## [Exercise directions]
Leave out the pictures, and reproduce exactly the lines from the line containing "Møbel Copenhagen Font" through the final line of the entries.

= = = =

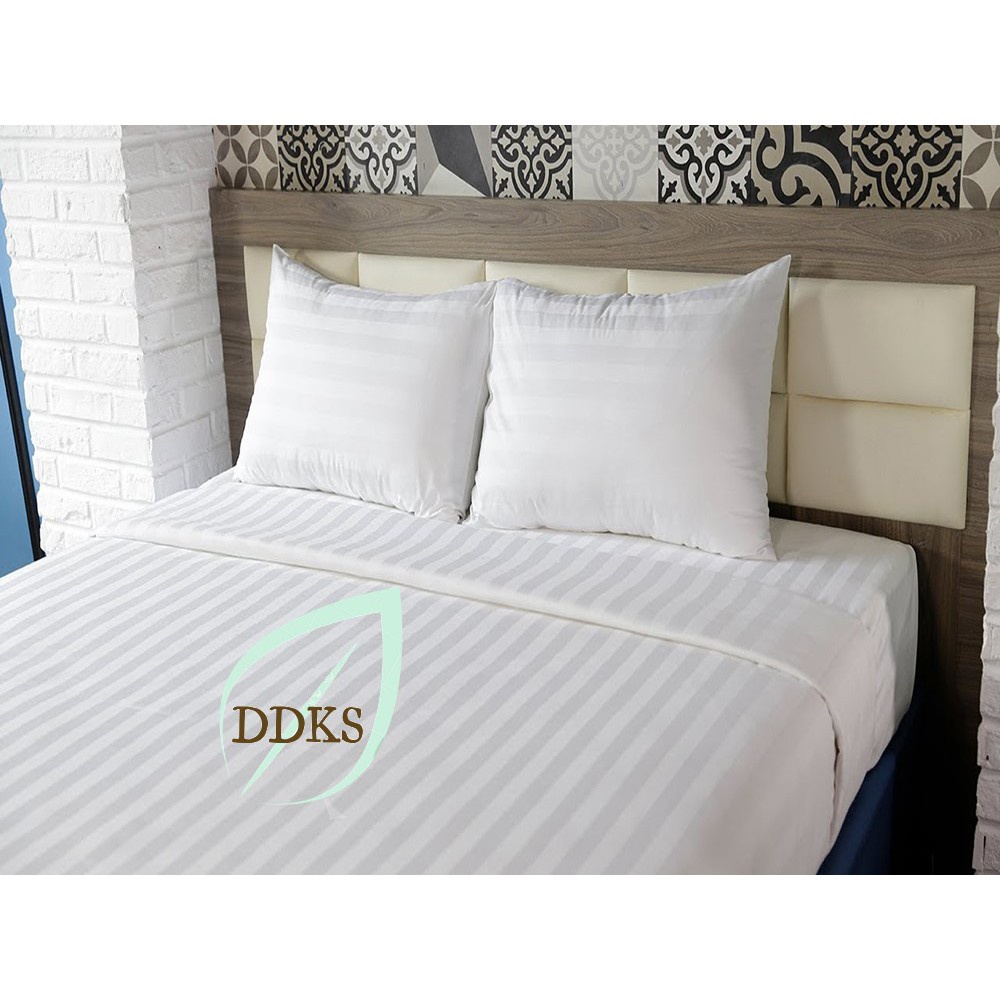 Bộ dra giường cotton màu trắng sọc 3F riotex dra giường khách sạn đủ size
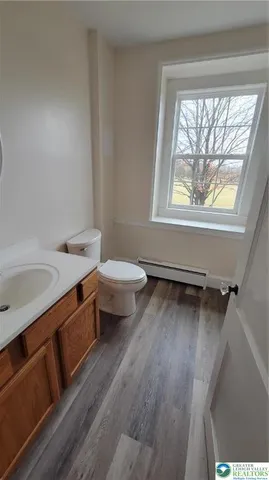 a bathroom with a sink mirror vanity and toilet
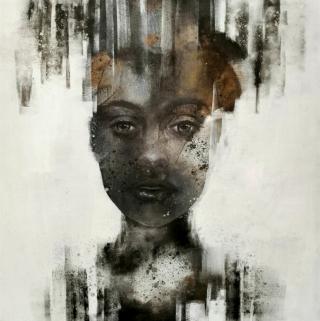 "Black and white", akryl na pł&oacute;tnie, 100x100cm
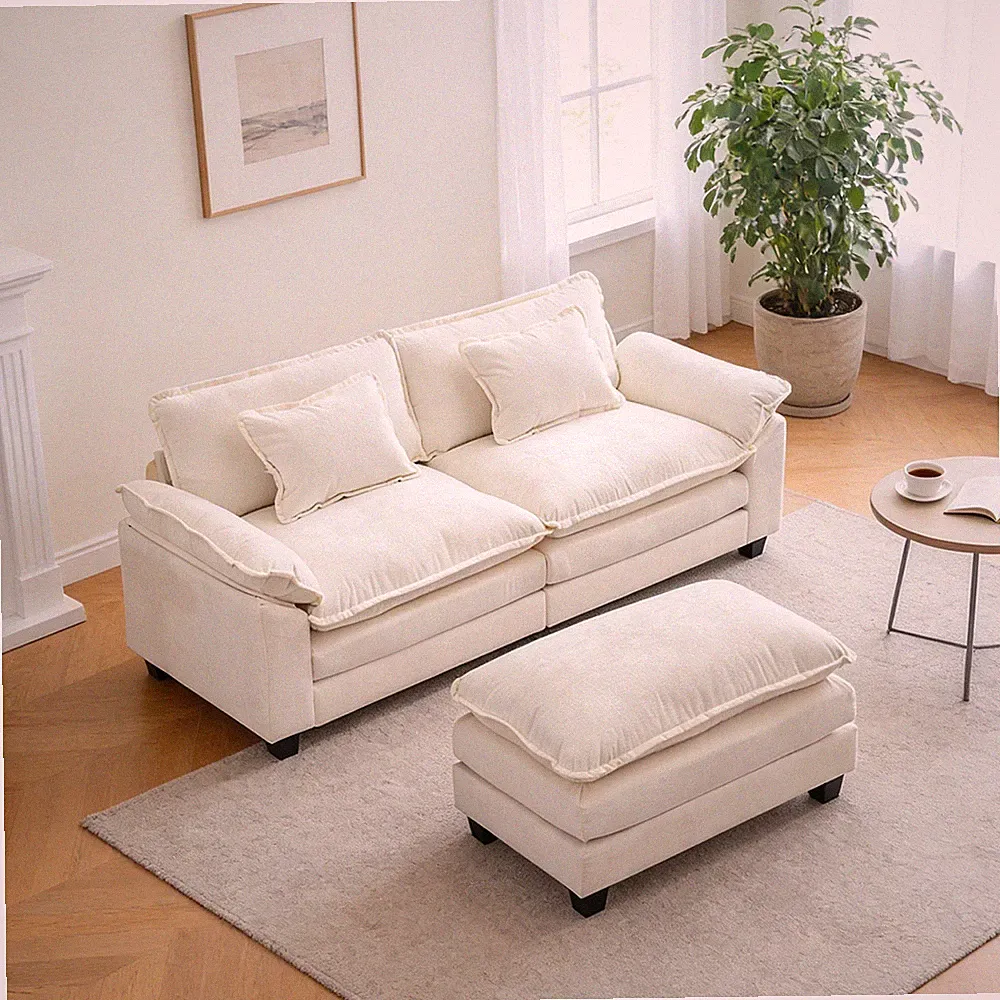 Modern Sectional Couch Sofas for Living Room Upholstered Sleeper Sofa w/Ottoman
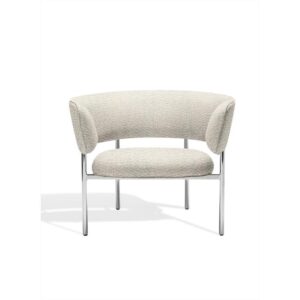 Møbel Copenhagen Font Lænestol med Armlæn Beige Boucle Elle 0200/Poleret Stål Stel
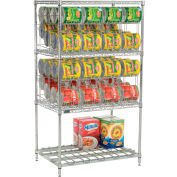 Nexel® CR2436DS Can Rack System, 3 Tier, Chrome, Bottom Dunnage Shelf, 36"W X 24"D x 66"H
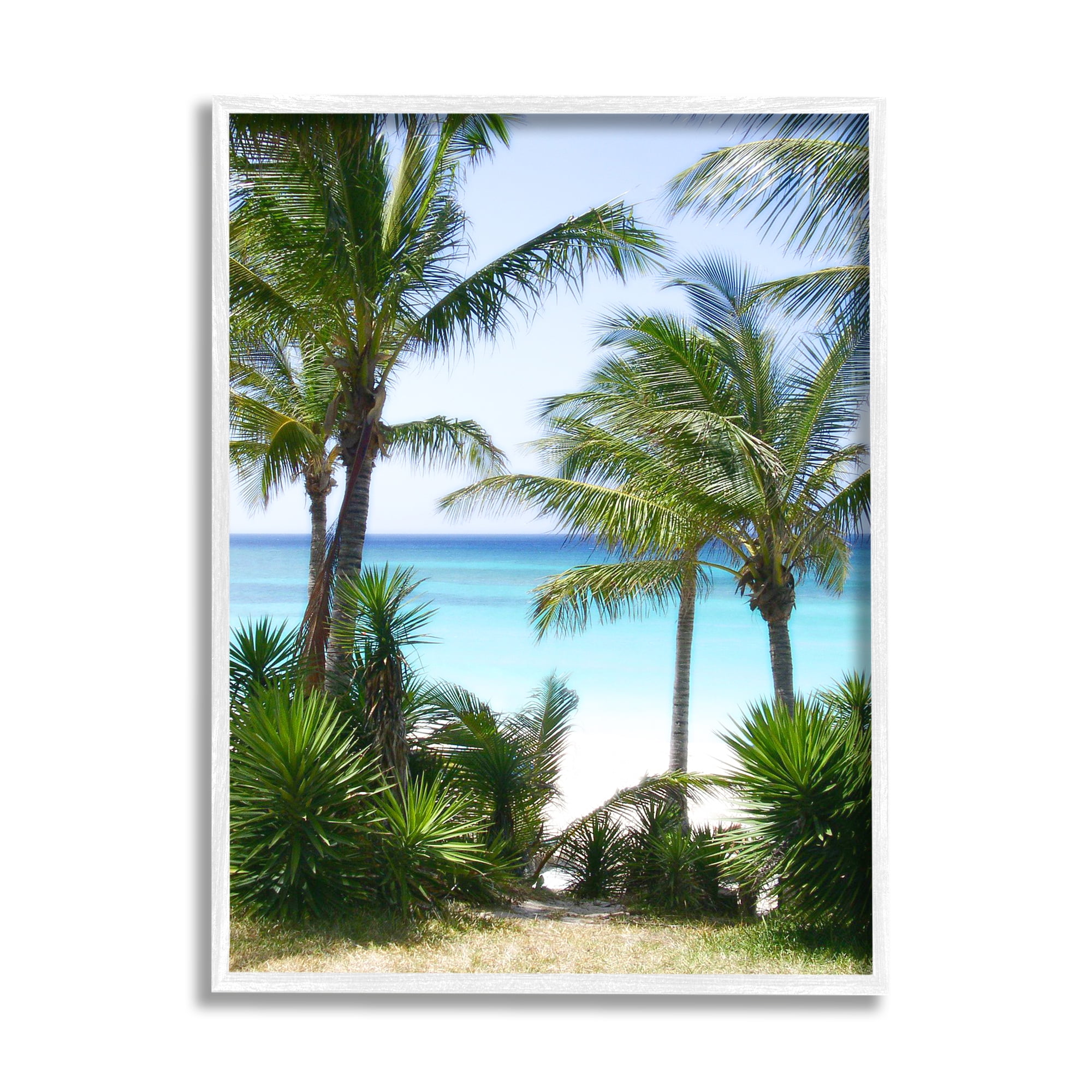 Stupell Industries Palm Trees Near Beach Nature Photography White Framed Art Print Wall Art, 16 x 20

= = = =

## [Task response]
 Møbel Copenhagen Font Lænestol med Armlæn Beige Boucle Elle 0200/Poleret Stål Stel
 Nexel® CR2436DS Can Rack System, 3 Tier, Chrome, Bottom Dunnage Shelf, 36"W X 24"D x 66"H
 Stupell Industries Palm Trees Near Beach Nature Photography White Framed Art Print Wall Art, 16 x 20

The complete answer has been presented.